• [Supplied material]

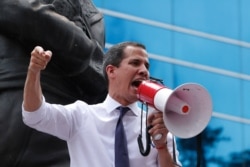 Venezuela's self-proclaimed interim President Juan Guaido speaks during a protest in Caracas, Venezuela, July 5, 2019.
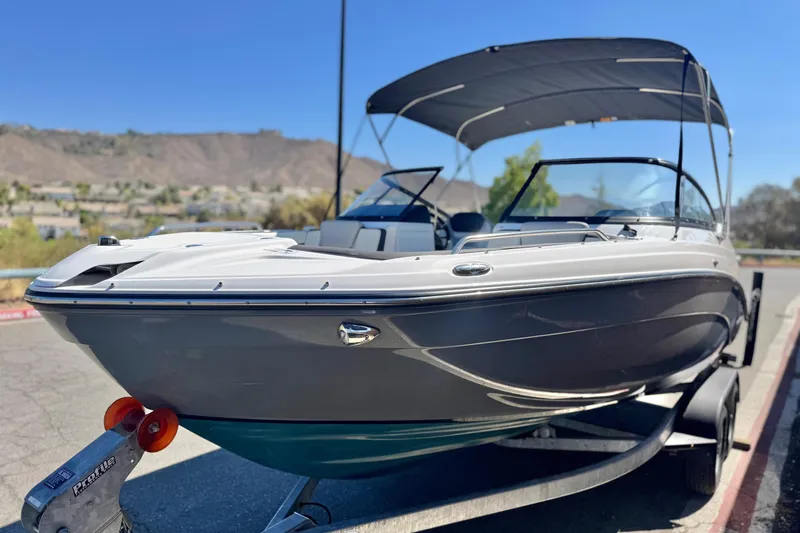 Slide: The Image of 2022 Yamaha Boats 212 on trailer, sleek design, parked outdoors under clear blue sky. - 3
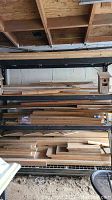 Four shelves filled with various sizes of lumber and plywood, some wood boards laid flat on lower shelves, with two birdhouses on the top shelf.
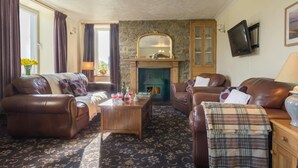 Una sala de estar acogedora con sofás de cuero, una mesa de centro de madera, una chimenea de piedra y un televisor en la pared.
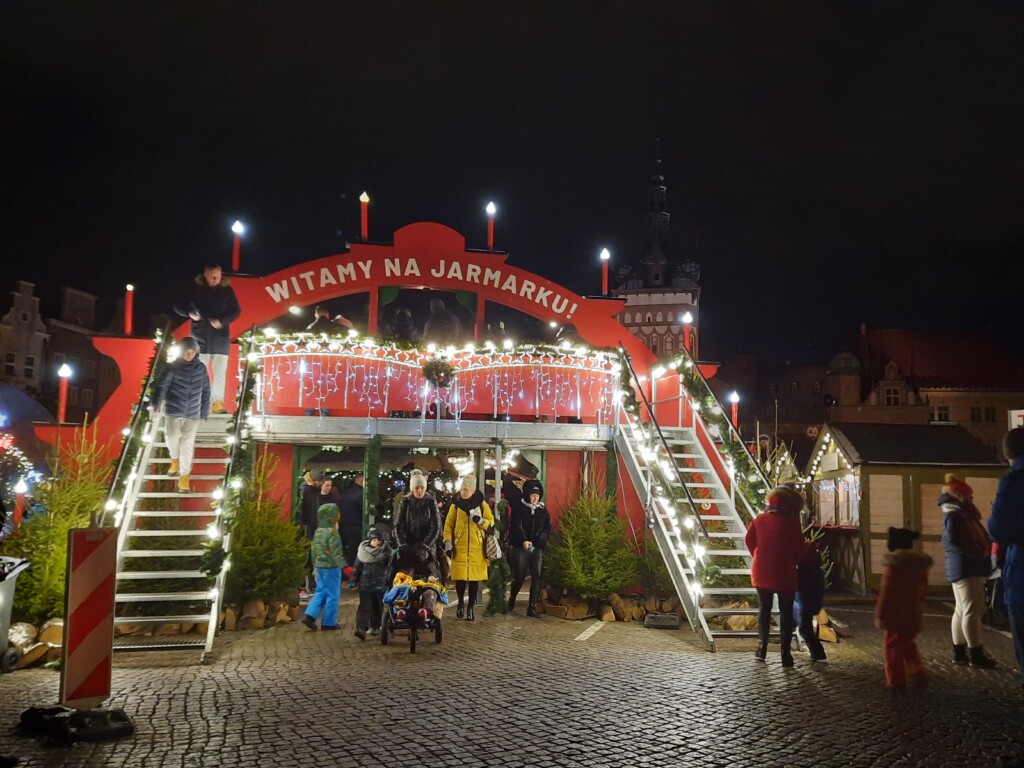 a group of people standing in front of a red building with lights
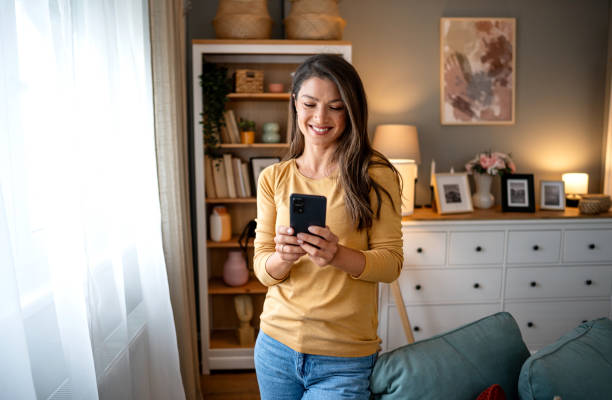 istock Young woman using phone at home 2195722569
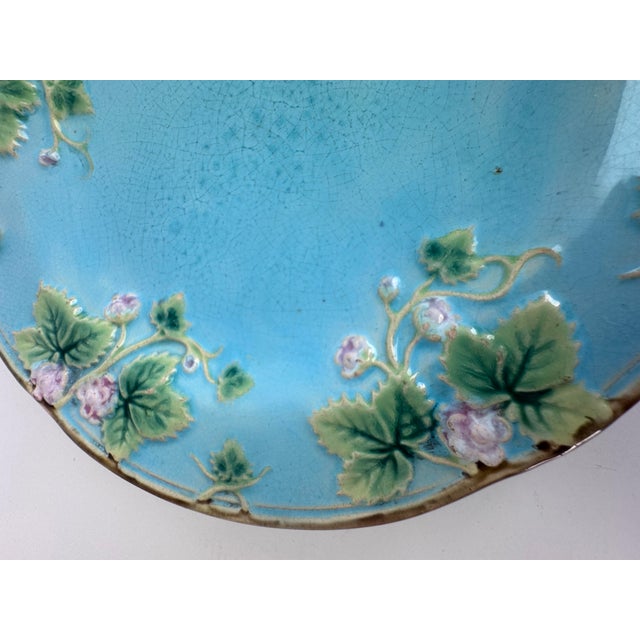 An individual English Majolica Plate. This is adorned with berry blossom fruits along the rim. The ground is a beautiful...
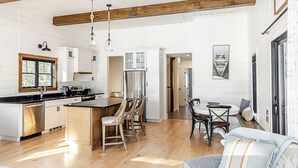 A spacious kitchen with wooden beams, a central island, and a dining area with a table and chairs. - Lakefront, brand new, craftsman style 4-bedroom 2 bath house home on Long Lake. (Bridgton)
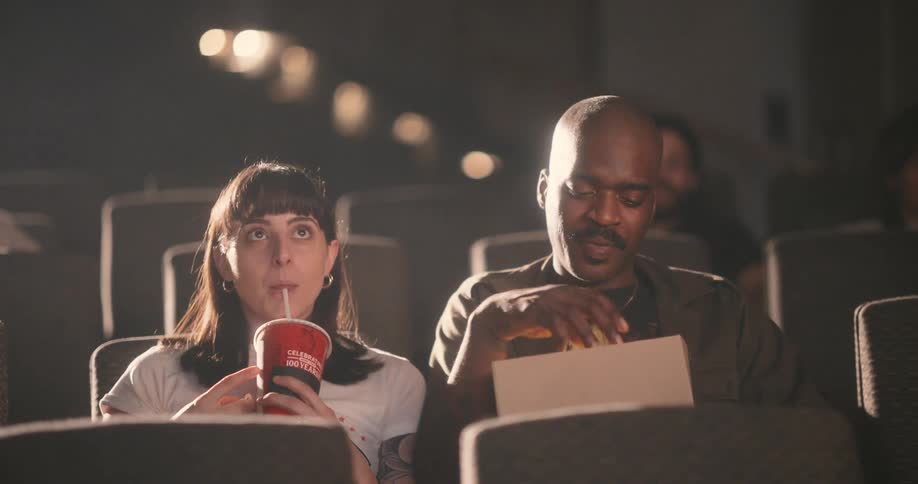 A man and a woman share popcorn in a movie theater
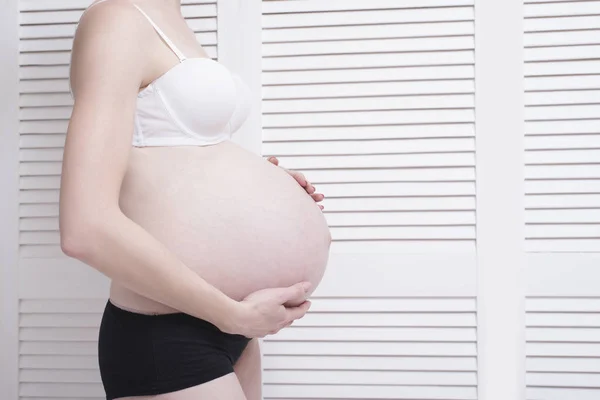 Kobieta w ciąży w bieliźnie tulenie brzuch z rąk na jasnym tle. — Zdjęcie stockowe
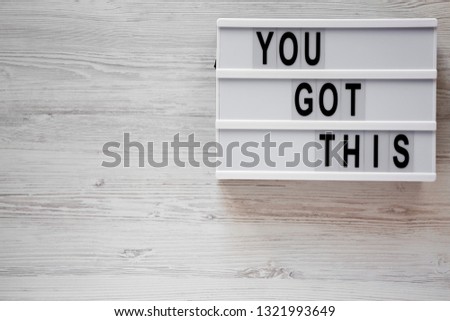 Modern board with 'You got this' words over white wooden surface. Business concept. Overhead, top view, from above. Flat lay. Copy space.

...

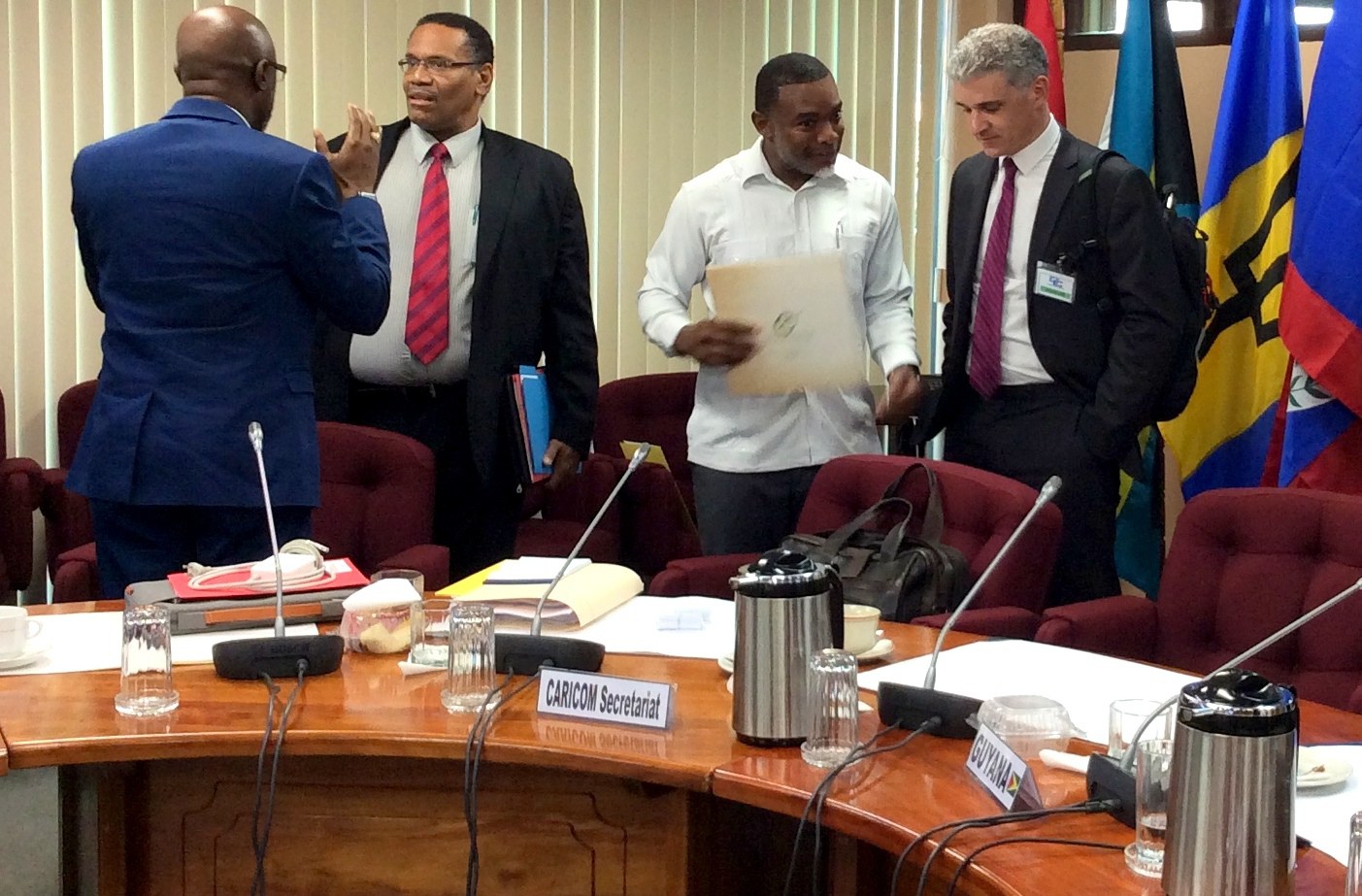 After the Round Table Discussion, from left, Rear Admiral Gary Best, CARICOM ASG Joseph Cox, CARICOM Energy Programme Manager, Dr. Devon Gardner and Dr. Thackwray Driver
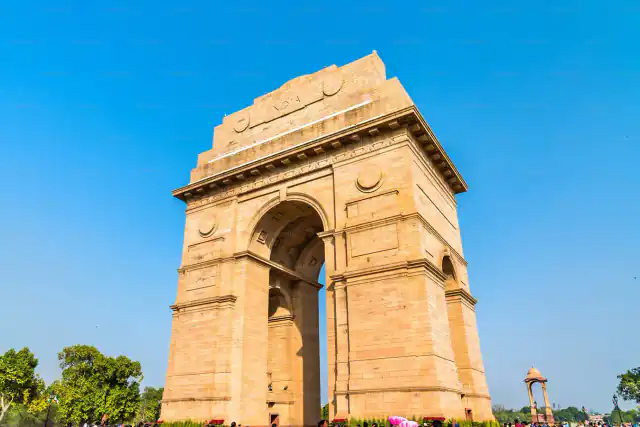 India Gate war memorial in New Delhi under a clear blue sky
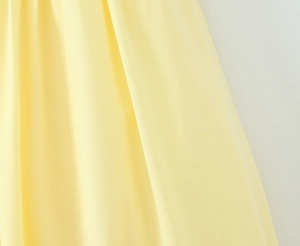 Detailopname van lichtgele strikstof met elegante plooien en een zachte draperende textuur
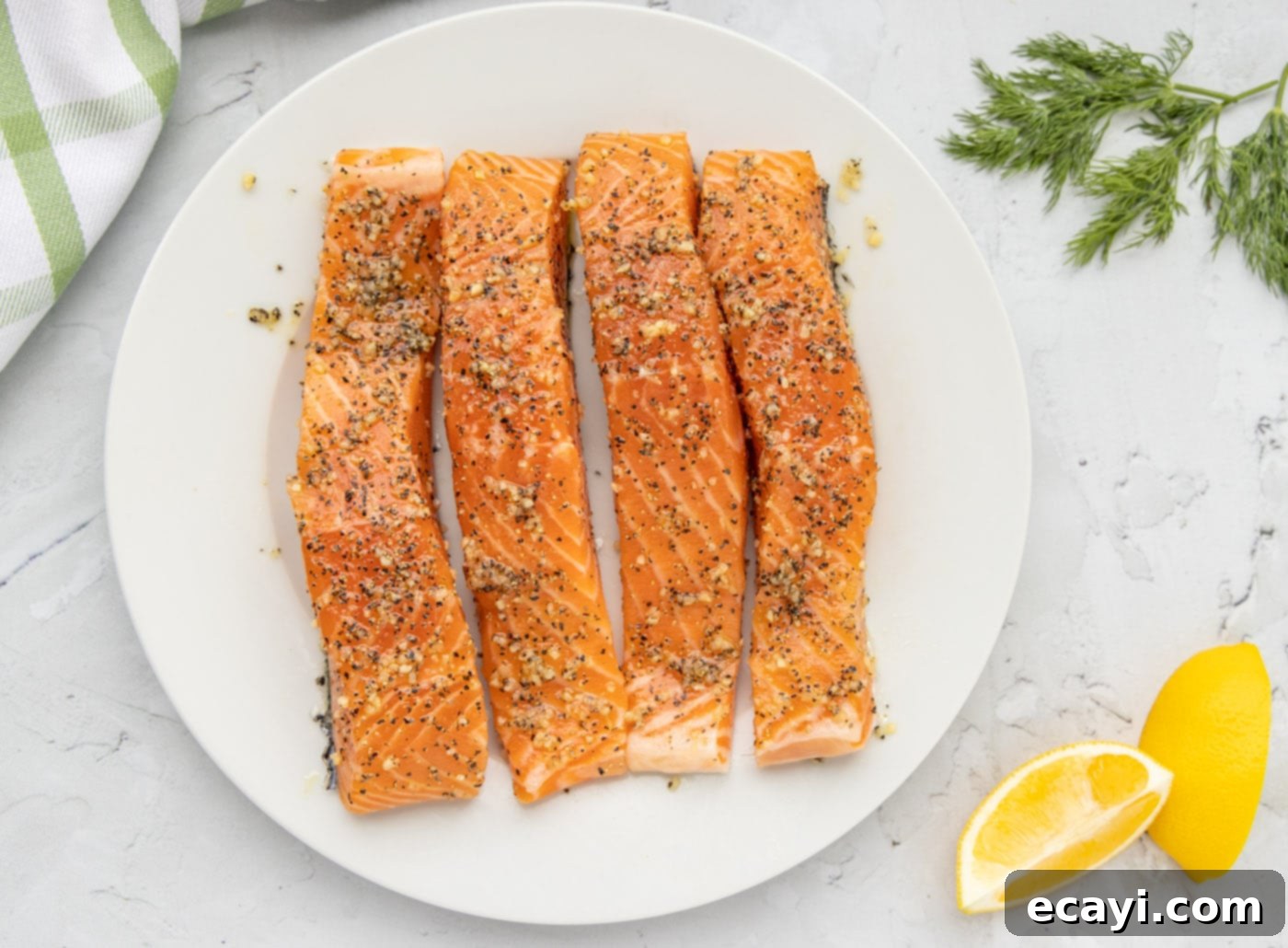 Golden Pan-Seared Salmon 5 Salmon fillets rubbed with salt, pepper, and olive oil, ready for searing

---

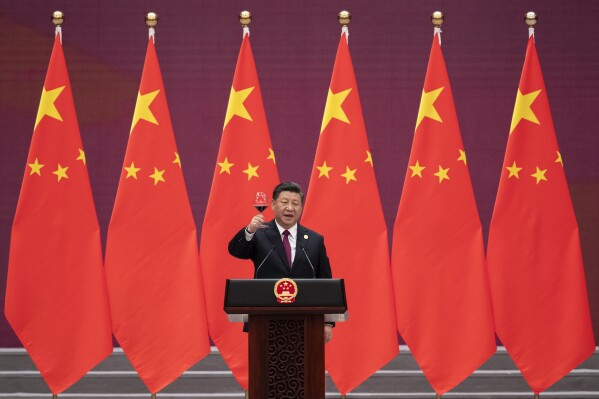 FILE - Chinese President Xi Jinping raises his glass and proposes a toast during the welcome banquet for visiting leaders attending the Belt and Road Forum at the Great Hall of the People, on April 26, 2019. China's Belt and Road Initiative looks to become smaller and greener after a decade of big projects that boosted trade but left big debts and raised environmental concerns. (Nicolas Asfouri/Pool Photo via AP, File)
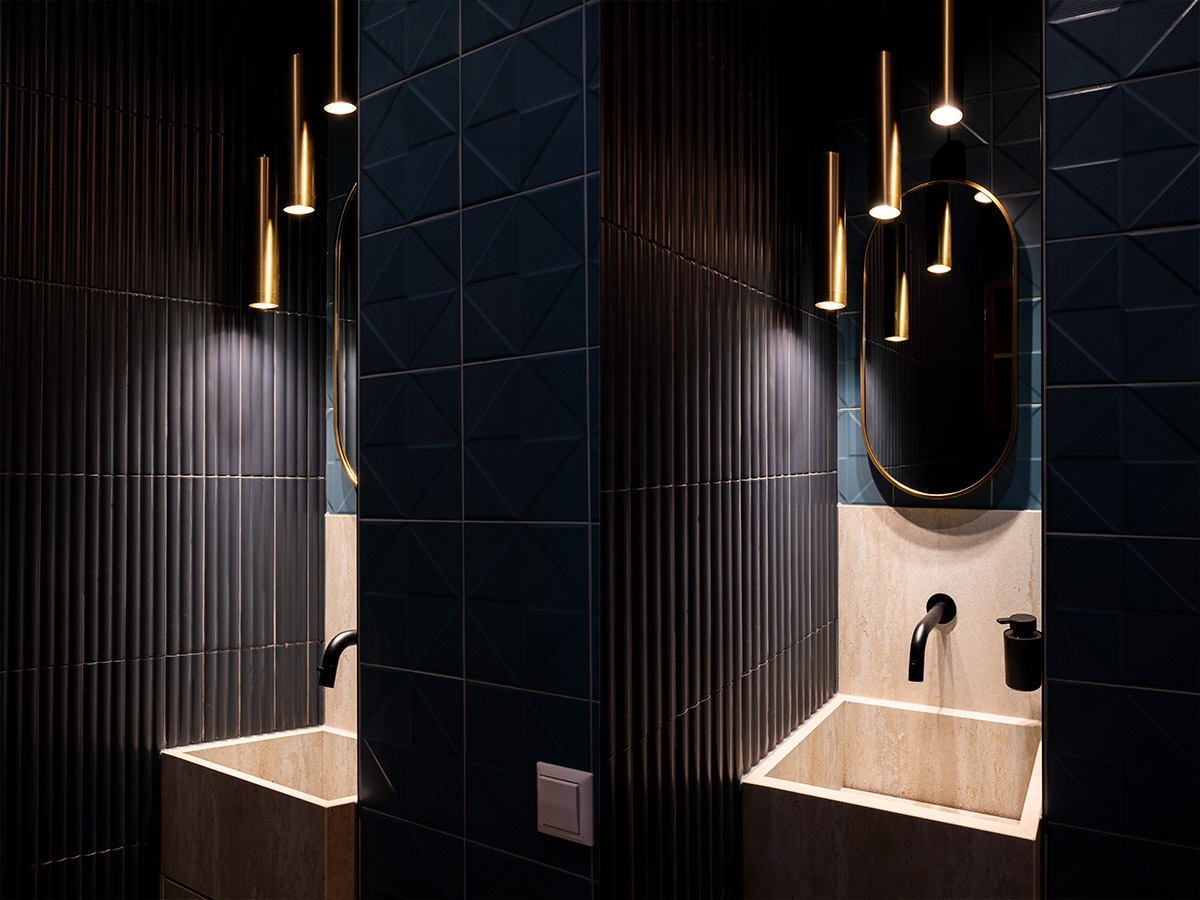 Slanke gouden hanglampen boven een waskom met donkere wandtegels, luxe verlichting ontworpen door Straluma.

• [Goal of the exercise]
The copy should hold exactly the lines above from the one with "An individual English" through the one with "Modern board with", both ends counted, and no pictures at all.

• [Solution for this exercise]
 An individual English Majolica Plate. This is adorned with berry blossom fruits along the rim. The ground is a beautiful...
 A spacious kitchen with wooden beams, a central island, and a dining area with a table and chairs. - Lakefront, brand new, craftsman style 4-bedroom 2 bath house home on Long Lake. (Bridgton)
 A man and a woman share popcorn in a movie theater
 Kobieta w ciąży w bieliźnie tulenie brzuch z rąk na jasnym tle. — Zdjęcie stockowe
 Modern board with 'You got this' words over white wooden surface. Business concept. Overhead, top view, from above. Flat lay. Copy space.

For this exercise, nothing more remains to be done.